(Data excerpts)

☆ ☆ ☆ ☆

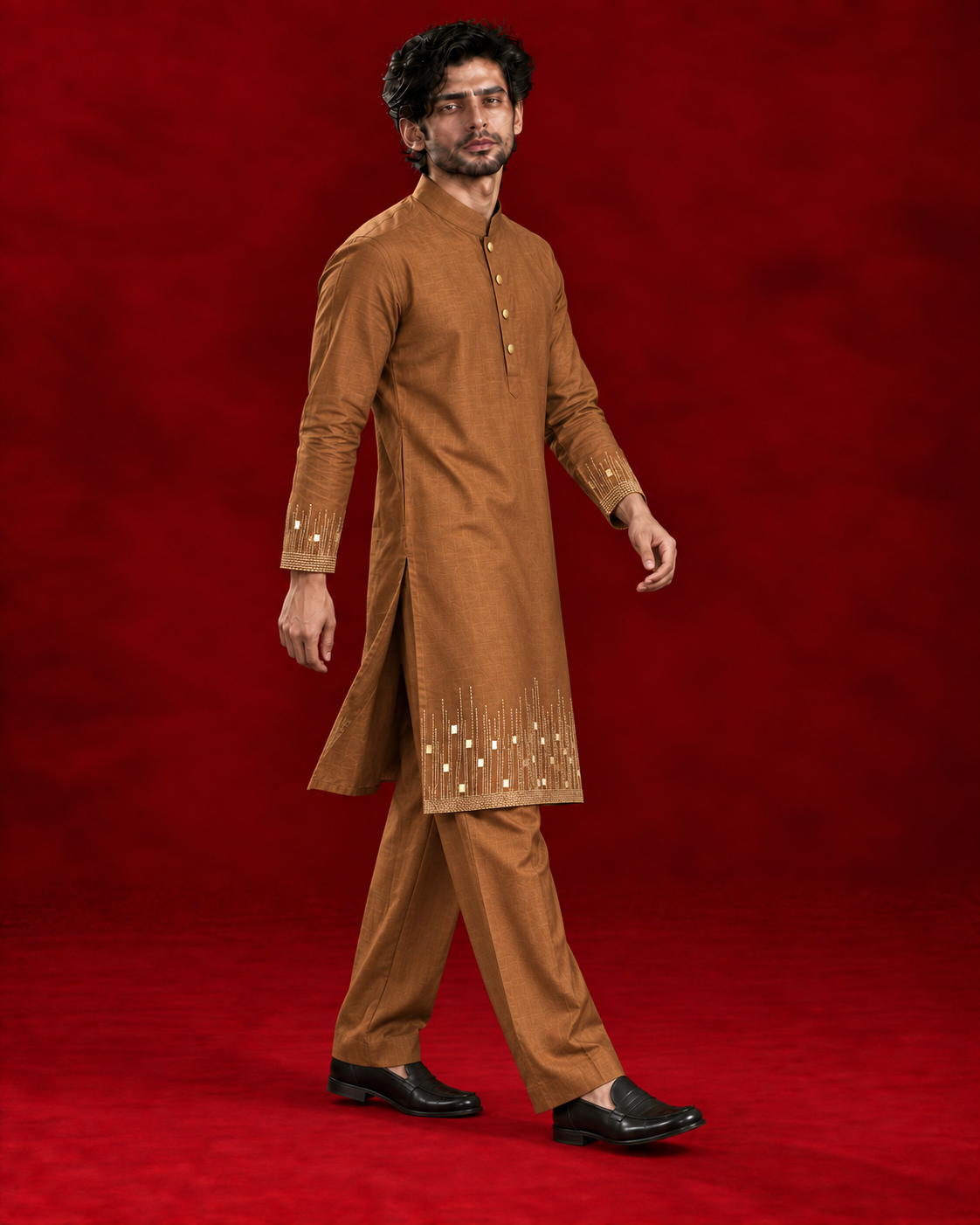 Ochre kurta with embellished cuffs and hem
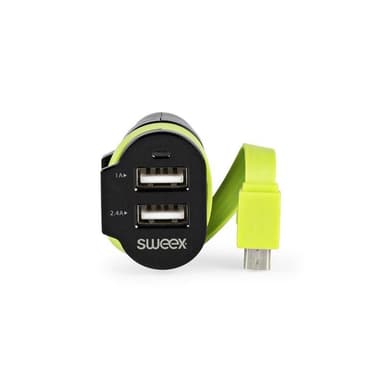 Billader 3-ttganger 6 A 2 x USB / Micro USB Sort/Grøn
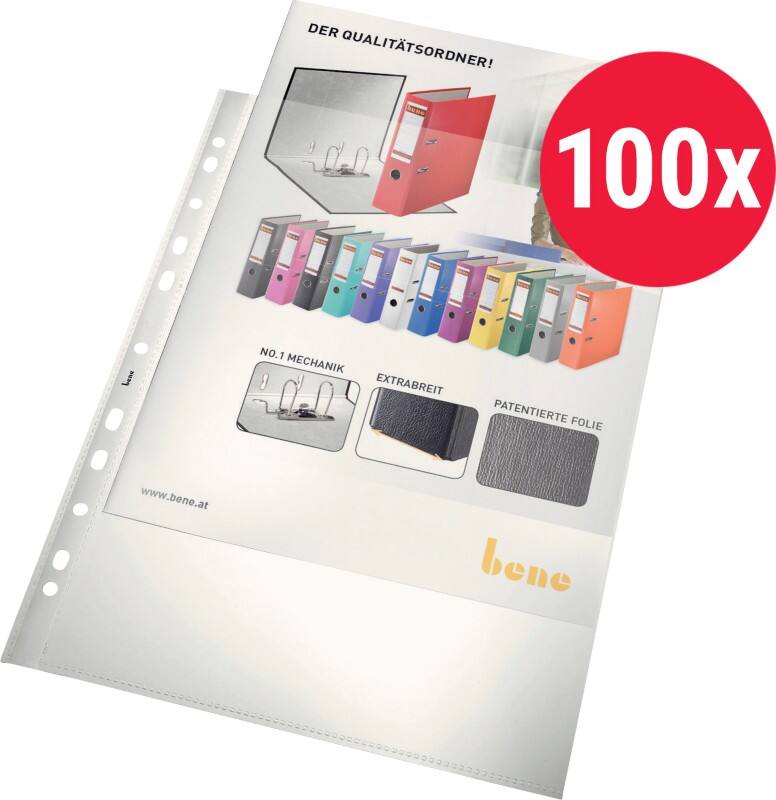 Bene Prospekthüllen DIN A4 Glasklar Transparent 110 Mikron PP (Polypropylen) Öffnung oben 11 Löcher 206825WS 100 Stück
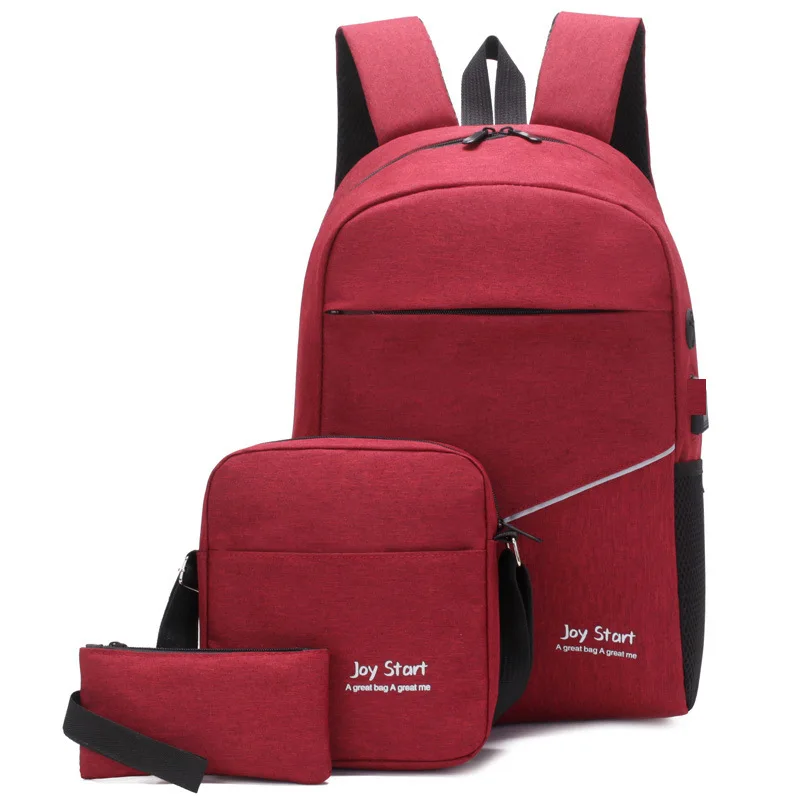 3 шт./компл., Оксфорд, школьный рюкзак, 15,6 дюйма, с usb-портом для зарядки, школьная сумка для подростков, мальчиков и девочек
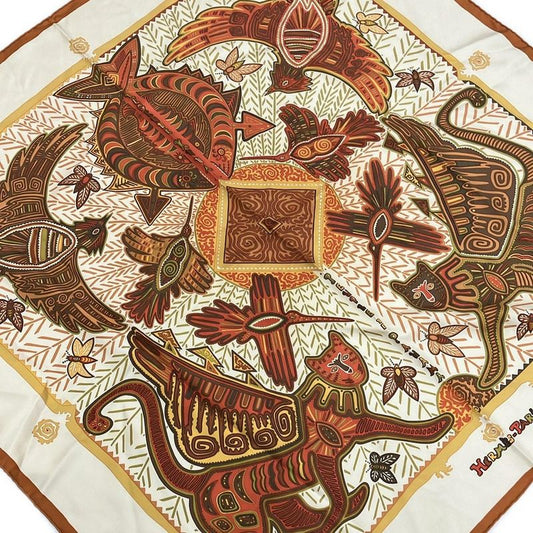 Hermes Scarf Carré 90 Ivory X Brown X Multi Legende KUNA Peuple DE Panama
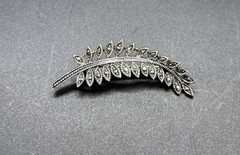 Vintage .925 Sterling Marcasite Leaf Pin Brooch 6 Grams
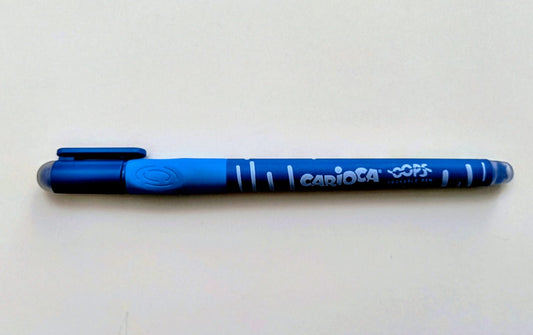 Carioca erasable pen with built-in eraser, blue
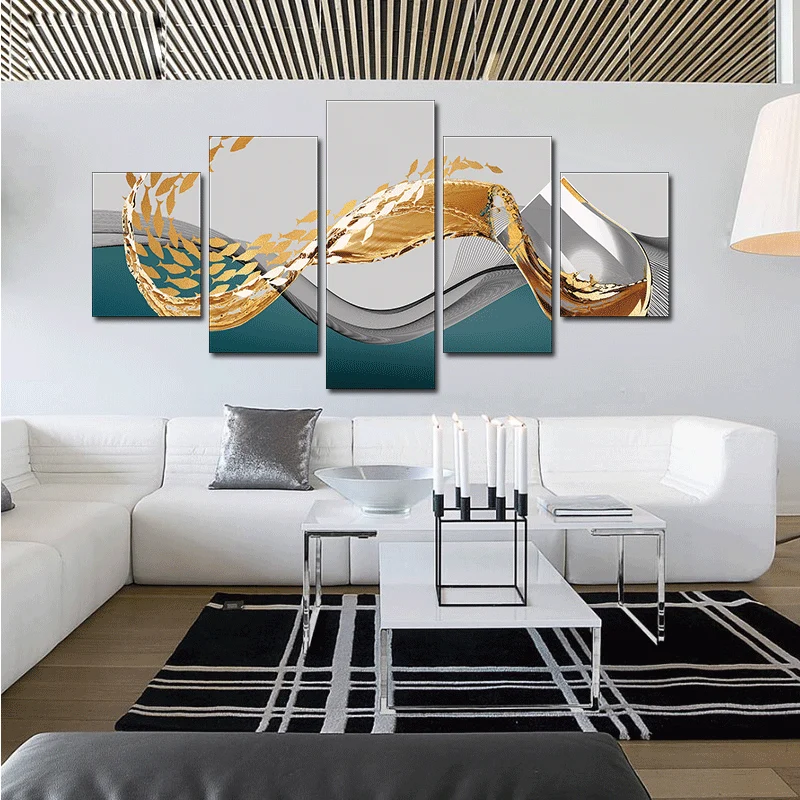 Без рамки 5 шт. модульная вина Стекло золотой Холст с рыбой художественной росписи печатные современные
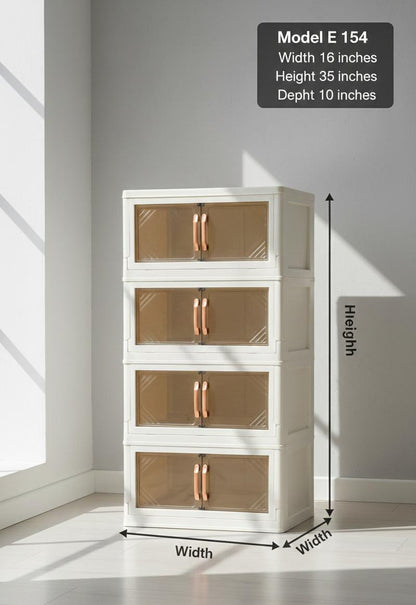 Modern Foldable Storage Transparent Cabinet with Wheels – Multi-Layer Plastic Wardrobe Organizer for Clothes, Toys & Home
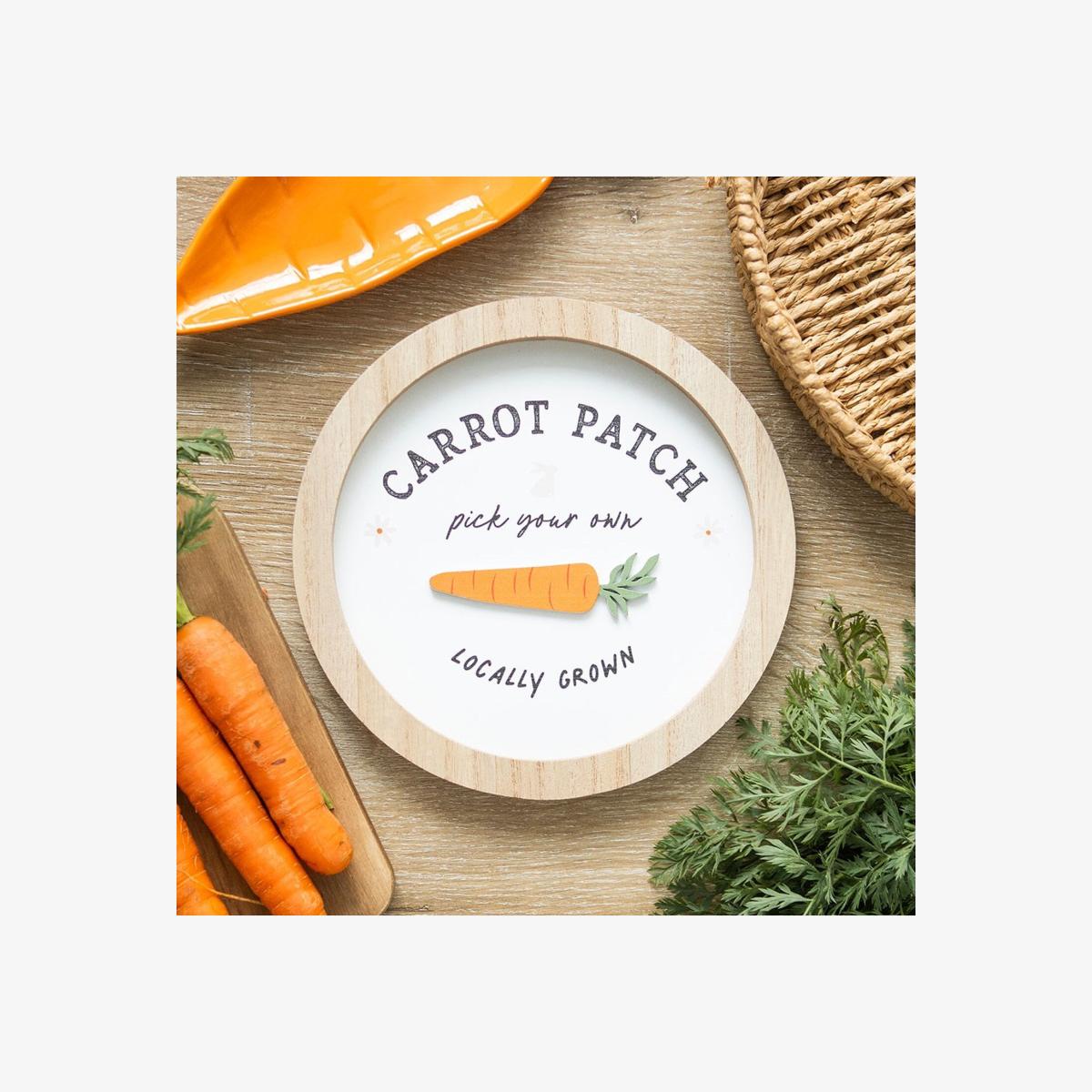 Carrot Patch Round 3D Wall Plaque - 20cm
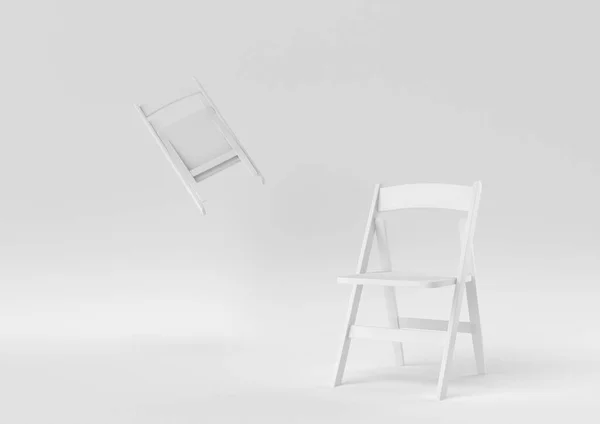 Chaise Confortable Bois Blanc Sur Fond Blanc Idée Concept Minimal — Photo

☆ ☆ ☆ ☆

Starting with the line that contains "Carioca erasable pen", give the lines again exactly as they appear through the last line of the data, pictures excluded.

 Carioca erasable pen with built-in eraser, blue
 Без рамки 5 шт. модульная вина Стекло золотой Холст с рыбой художественной росписи печатные современные
 Modern Foldable Storage Transparent Cabinet with Wheels – Multi-Layer Plastic Wardrobe Organizer for Clothes, Toys & Home
 Carrot Patch Round 3D Wall Plaque - 20cm
 Chaise Confortable Bois Blanc Sur Fond Blanc Idée Concept Minimal — Photo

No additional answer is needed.